Task details –
Starting at the line that contains "If you want, you", transcribe every remaining line of the data below exactly, and omit all pictures.

● ● ● ● ●

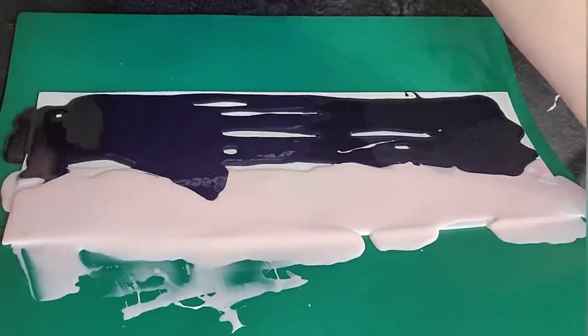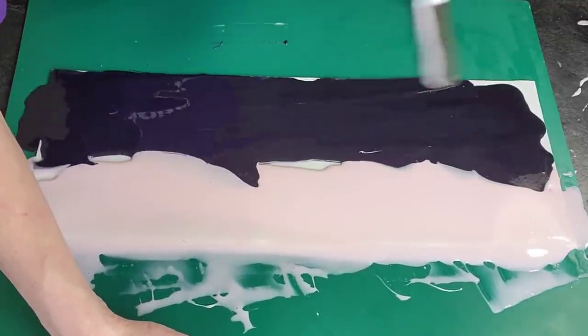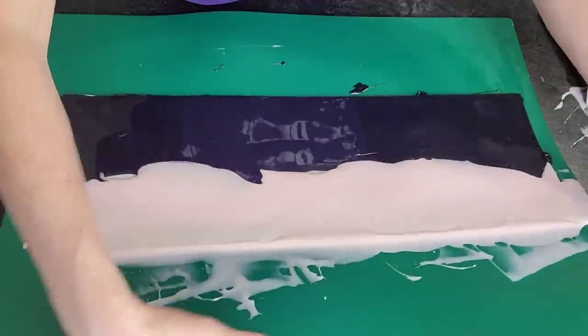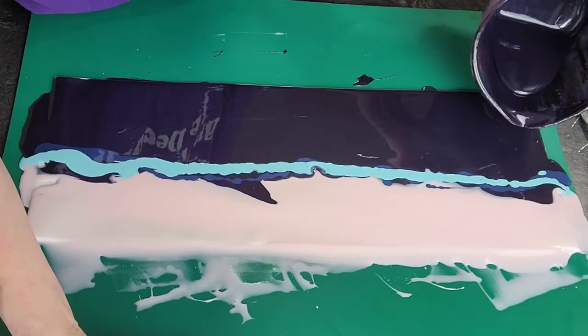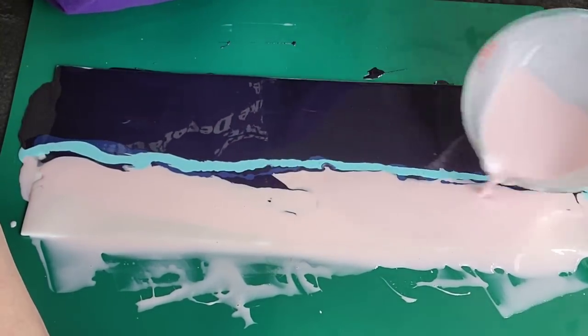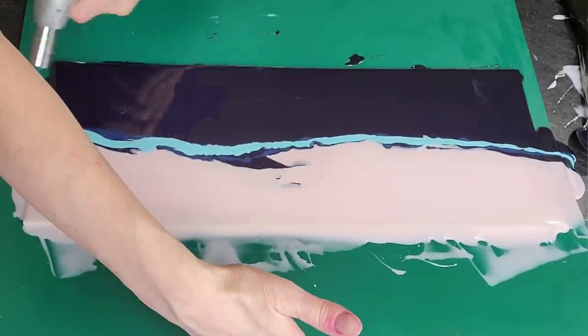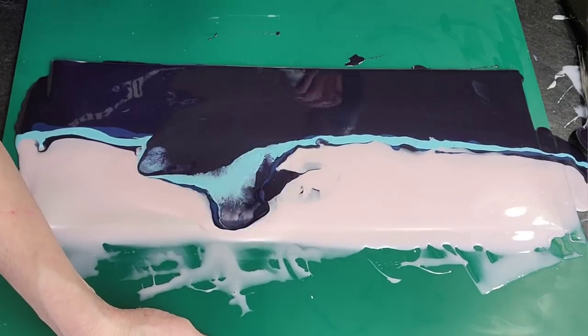What I was going for was actually a Dutch pour technique. Now where I went wrong was the surface that I did this on — I was using a self-healing mat. Don't do that. It is too pliable and mine was a little warped. This is where I ran into the problem because you can see that it is all running off to one side.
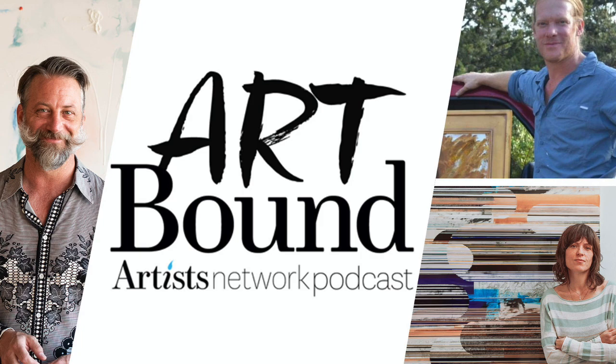Welcome. I'm Doug Cassina. I'm an artist, a gallerist, a curator, and a collector. And this is Artbound, where we deconstruct the myths and misconceptions of the art world. We have the conversations here with artists that aren't going to be found anywhere else.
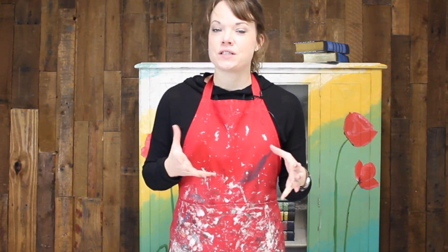Hi, I'm Jenny with Resumings Furniture, and today I'm going to show you how to make new pine look like old chippy wood. Are you ready? Let's get started.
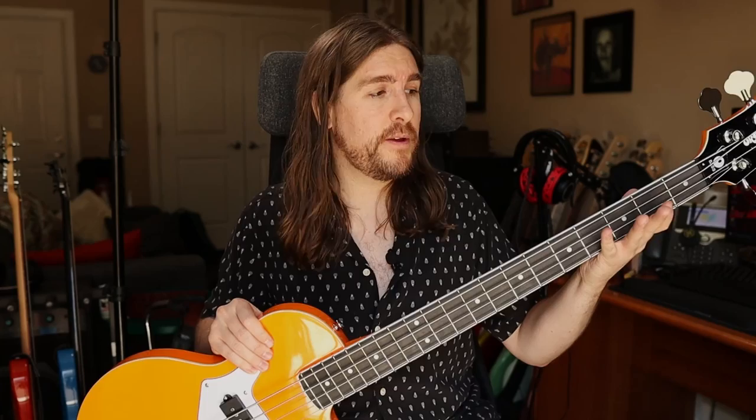Moving down the neck to this Les Paul-style slab body, we get to the next uncomfortable part, which is this hard 90-degree edge all the way around. Now, to get the binding to look this good, you of course have to do that. But when you forego the body contours, these tend to dig into your forearm, especially when you're sitting down. I found it to be really uncomfortable, especially with a pick. This bass is not all that well-balanced — you're either holding it up with your fretting hand, which is not great technique, or you're holding this end of it down with your forearm, which just exacerbates that whole issue.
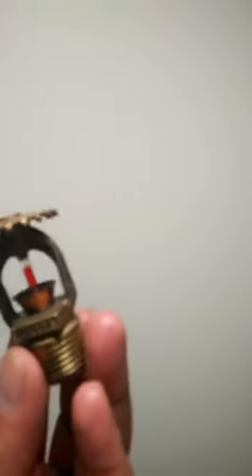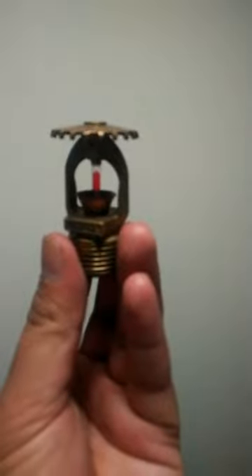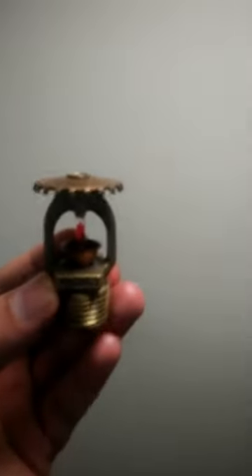When it is positioned like this, it is called an upright sprinkler head. Upright will always be like this, and the concealed one will be like this — this one is the concealed sprinkler head.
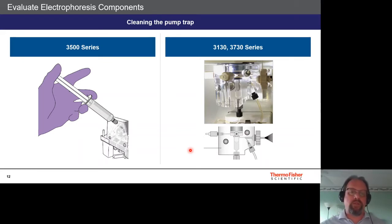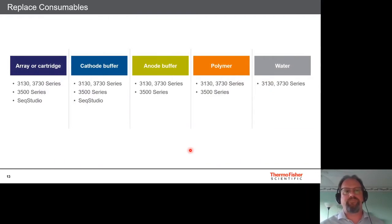Now with the instrument clean and a new or good array reinstalled, replace all the other reagents: new array or cartridge, new cathode buffer, new anode buffer, polymer for non-SeekStudio instruments, and fresh water for the 3130 and 3730. For the SeekStudio, no manual PDS washes are needed — the cartridge automatically performs a thorough washing of the entire PDS system the moment it is inserted into the instrument.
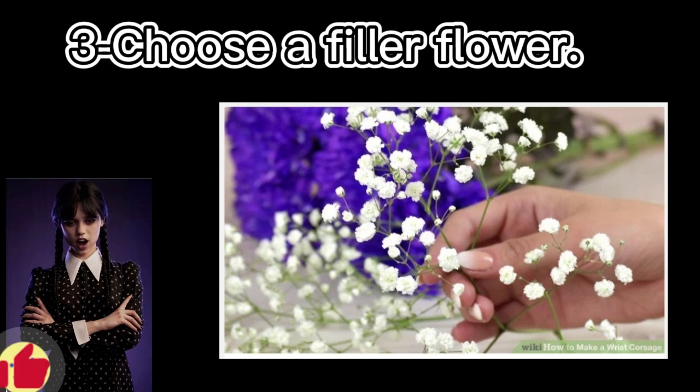Step 3: Choose a filler flower. This is an accent to the main flowers. It adds fullness to the overall corsage and highlights the color. Examples of filler flowers include baby's breath (gypsophila), fern leaves, and eucalyptus.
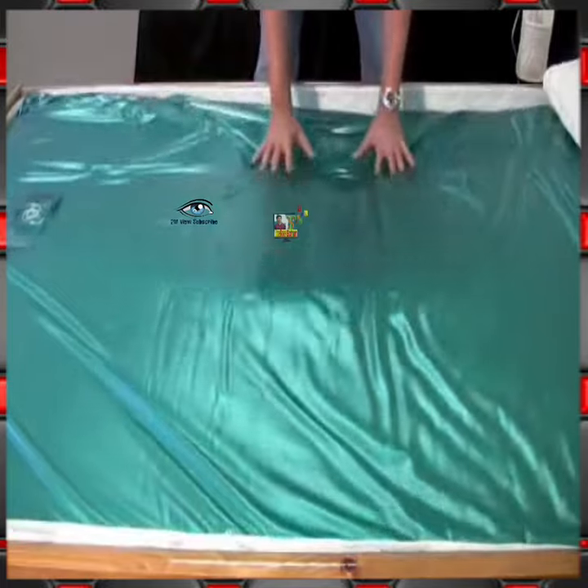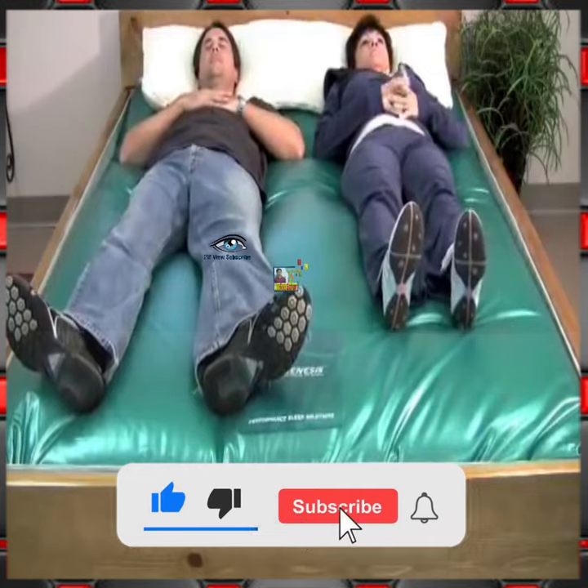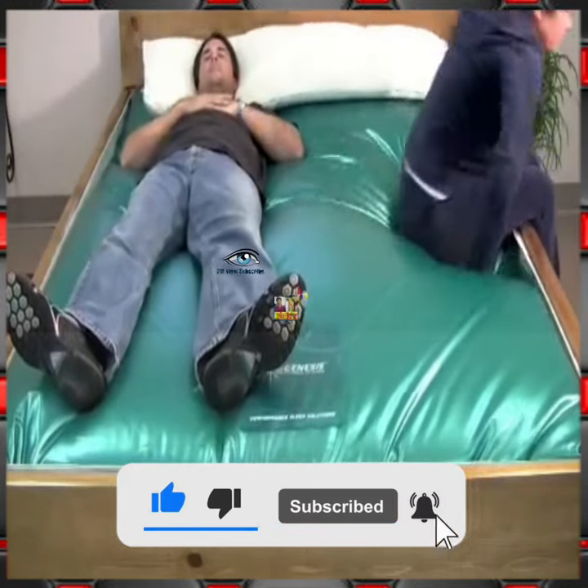If you want, you can buy the water tube on top of it from different marketplaces and set it with the normal bed of your house. Friends, if you want to buy the bed, please comment.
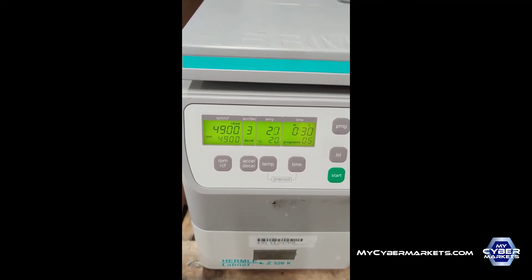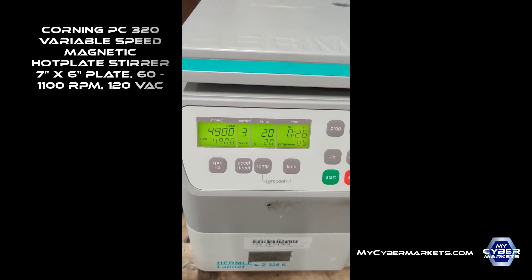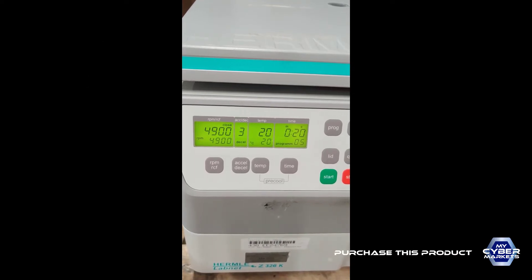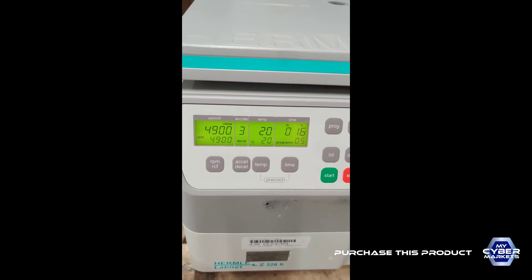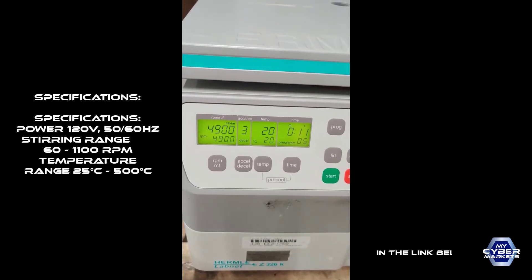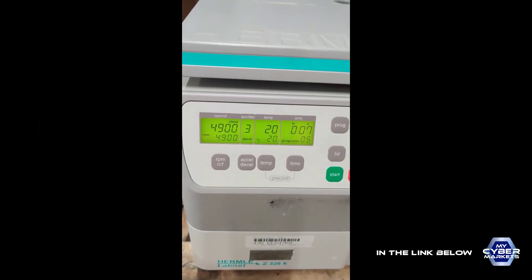We set it at 4900, it's running with a 3 acceleration and acceleration ramp, 20 degrees, we program it on program number 5. It's running and will stop in a couple seconds. It's working fine, it's cooling fine, it's getting up to the speed, and now it will stop.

● ● ● ● ●

Response –
If you want, you can buy the water tube on top of it from different marketplaces and set it with the normal bed of your house. Friends, if you want to buy the bed, please comment.
We set it at 4900, it's running with a 3 acceleration and acceleration ramp, 20 degrees, we program it on program number 5. It's running and will stop in a couple seconds. It's working fine, it's cooling fine, it's getting up to the speed, and now it will stop.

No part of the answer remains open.